### EXERCISE INSTRUCTIONS
Images within the entries are to be omitted; the remainder must be reproduced exactly.

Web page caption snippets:
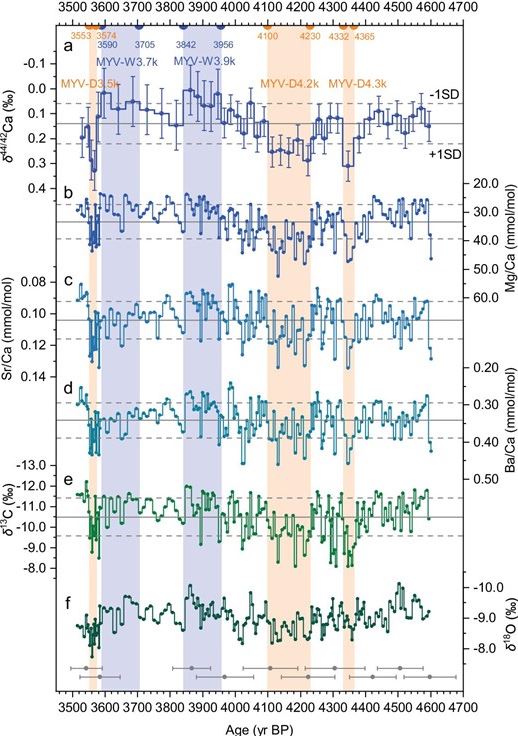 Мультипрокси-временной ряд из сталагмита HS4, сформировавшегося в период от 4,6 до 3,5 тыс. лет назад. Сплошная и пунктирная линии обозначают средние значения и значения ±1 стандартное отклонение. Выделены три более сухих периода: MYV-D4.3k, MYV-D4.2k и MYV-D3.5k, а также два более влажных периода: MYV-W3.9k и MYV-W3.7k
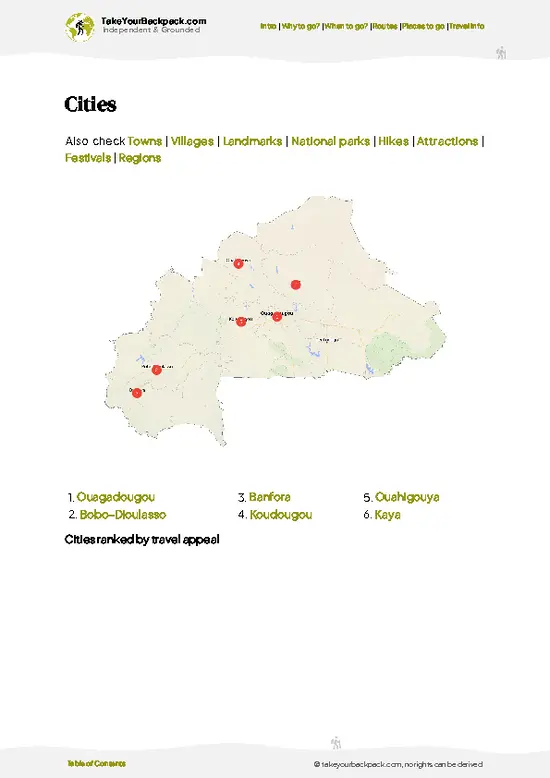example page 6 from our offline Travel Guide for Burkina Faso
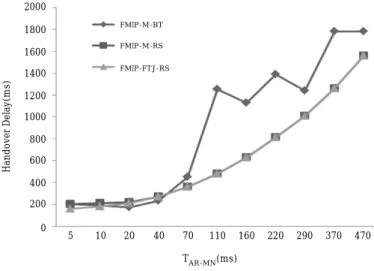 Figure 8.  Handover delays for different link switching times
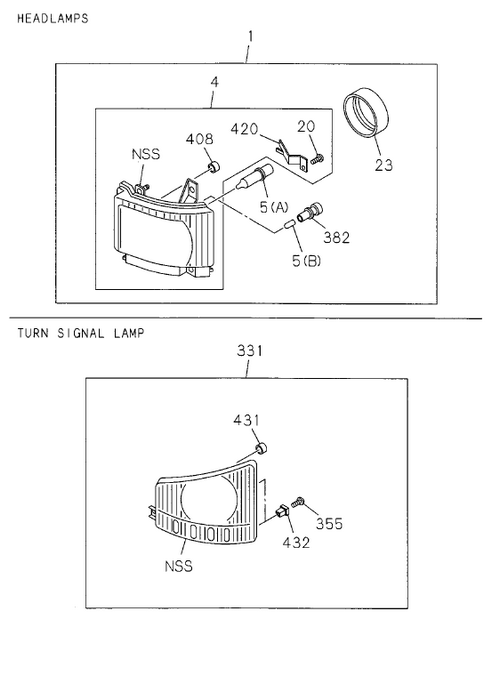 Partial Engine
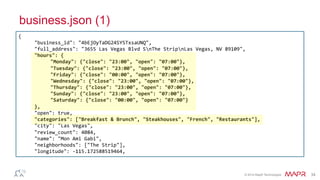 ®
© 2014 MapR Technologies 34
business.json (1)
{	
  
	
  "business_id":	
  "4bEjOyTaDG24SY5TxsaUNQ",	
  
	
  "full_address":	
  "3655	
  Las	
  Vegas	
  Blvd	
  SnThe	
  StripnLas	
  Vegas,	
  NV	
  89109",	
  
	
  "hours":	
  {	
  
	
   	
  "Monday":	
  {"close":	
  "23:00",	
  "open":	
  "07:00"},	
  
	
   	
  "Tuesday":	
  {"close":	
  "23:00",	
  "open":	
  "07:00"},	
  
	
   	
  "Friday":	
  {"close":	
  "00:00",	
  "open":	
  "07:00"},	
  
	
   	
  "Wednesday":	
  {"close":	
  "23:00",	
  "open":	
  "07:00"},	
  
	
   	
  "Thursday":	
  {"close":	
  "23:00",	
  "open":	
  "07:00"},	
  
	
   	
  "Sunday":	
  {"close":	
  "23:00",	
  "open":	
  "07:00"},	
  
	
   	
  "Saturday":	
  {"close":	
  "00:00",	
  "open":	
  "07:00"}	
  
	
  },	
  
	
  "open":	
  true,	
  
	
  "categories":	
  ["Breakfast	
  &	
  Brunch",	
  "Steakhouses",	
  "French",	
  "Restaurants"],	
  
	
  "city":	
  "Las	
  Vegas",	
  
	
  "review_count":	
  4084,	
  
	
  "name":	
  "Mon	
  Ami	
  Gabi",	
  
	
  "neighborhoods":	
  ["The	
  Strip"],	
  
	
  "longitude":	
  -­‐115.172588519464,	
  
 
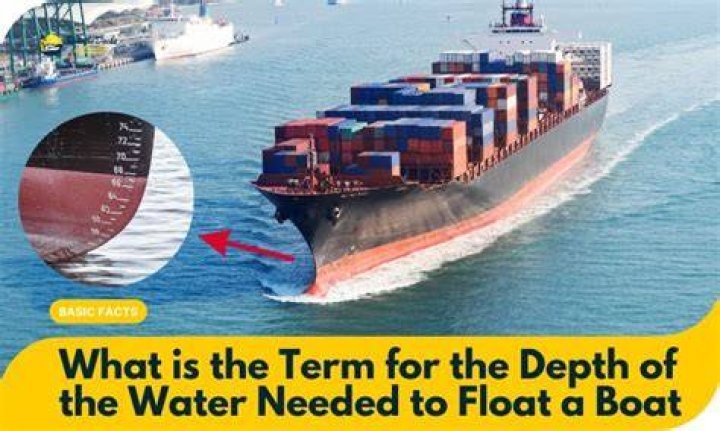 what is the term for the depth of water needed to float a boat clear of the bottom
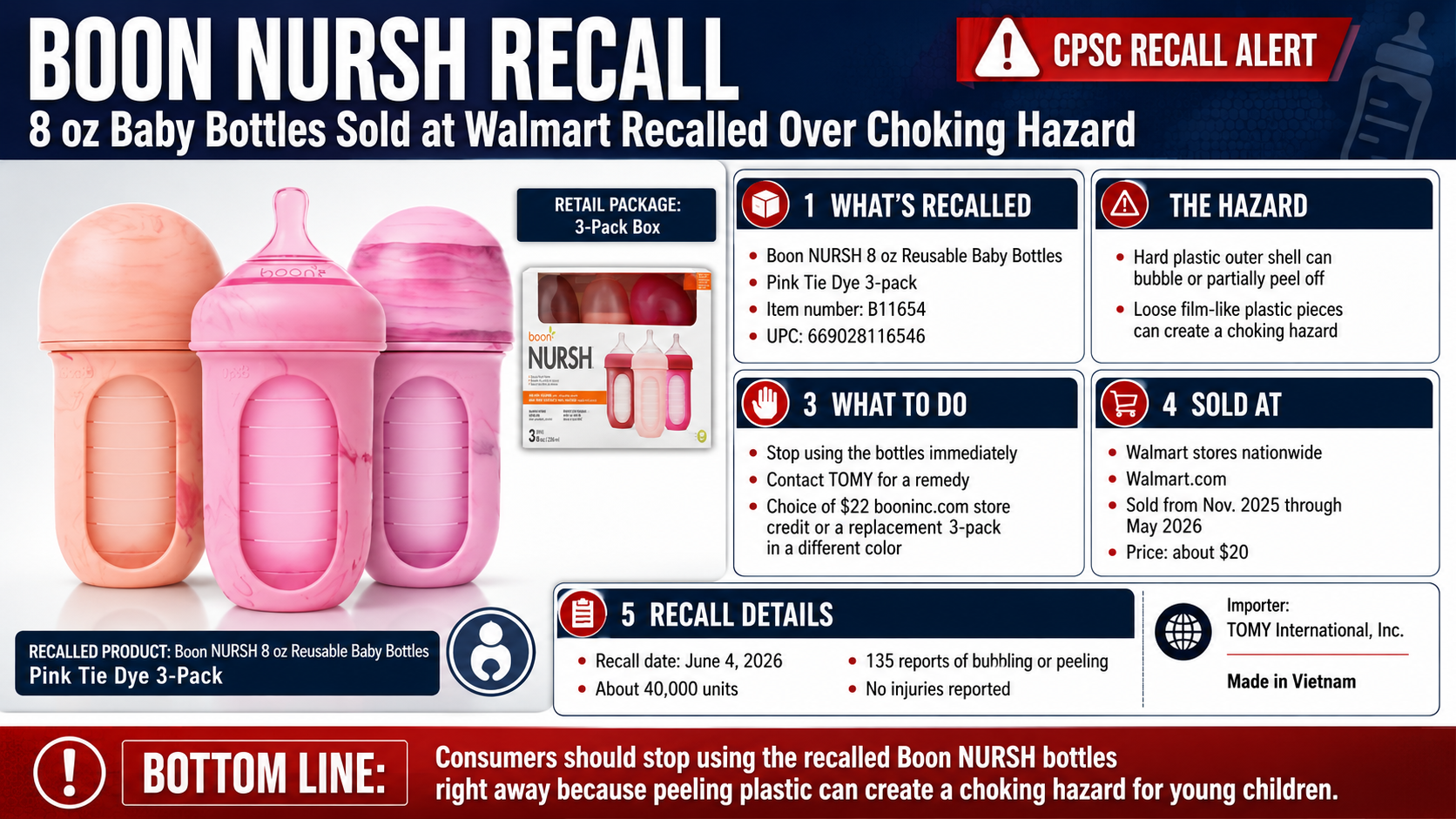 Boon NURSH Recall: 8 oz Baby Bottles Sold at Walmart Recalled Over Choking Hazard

### REPLY TO THE EXERCISE
 Мультипрокси-временной ряд из сталагмита HS4, сформировавшегося в период от 4,6 до 3,5 тыс. лет назад. Сплошная и пунктирная линии обозначают средние значения и значения ±1 стандартное отклонение. Выделены три более сухих периода: MYV-D4.3k, MYV-D4.2k и MYV-D3.5k, а также два более влажных периода: MYV-W3.9k и MYV-W3.7k
example page 6 from our offline Travel Guide for Burkina Faso
 Figure 8.  Handover delays for different link switching times
 Partial Engine
 ®
© 2014 MapR Technologies 34
business.json (1)
{	
  
	
  "business_id":	
  "4bEjOyTaDG24SY5TxsaUNQ",	
  
	
  "full_address":	
  "3655	
  Las	
  Vegas	
  Blvd	
  SnThe	
  StripnLas	
  Vegas,	
  NV	
  89109",	
  
	
  "hours":	
  {	
  
	
   	
  "Monday":	
  {"close":	
  "23:00",	
  "open":	
  "07:00"},	
  
	
   	
  "Tuesday":	
  {"close":	
  "23:00",	
  "open":	
  "07:00"},	
  
	
   	
  "Friday":	
  {"close":	
  "00:00",	
  "open":	
  "07:00"},	
  
	
   	
  "Wednesday":	
  {"close":	
  "23:00",	
  "open":	
  "07:00"},	
  
	
   	
  "Thursday":	
  {"close":	
  "23:00",	
  "open":	
  "07:00"},	
  
	
   	
  "Sunday":	
  {"close":	
  "23:00",	
  "open":	
  "07:00"},	
  
	
   	
  "Saturday":	
  {"close":	
  "00:00",	
  "open":	
  "07:00"}	
  
	
  },	
  
	
  "open":	
  true,	
  
	
  "categories":	
  ["Breakfast	
  &	
  Brunch",	
  "Steakhouses",	
  "French",	
  "Restaurants"],	
  
	
  "city":	
  "Las	
  Vegas",	
  
	
  "review_count":	
  4084,	
  
	
  "name":	
  "Mon	
  Ami	
  Gabi",	
  
	
  "neighborhoods":	
  ["The	
  Strip"],	
  
	
  "longitude":	
  -­‐115.172588519464,	
  
 
 what is the term for the depth of water needed to float a boat clear of the bottom
 Boon NURSH Recall: 8 oz Baby Bottles Sold at Walmart Recalled Over Choking Hazard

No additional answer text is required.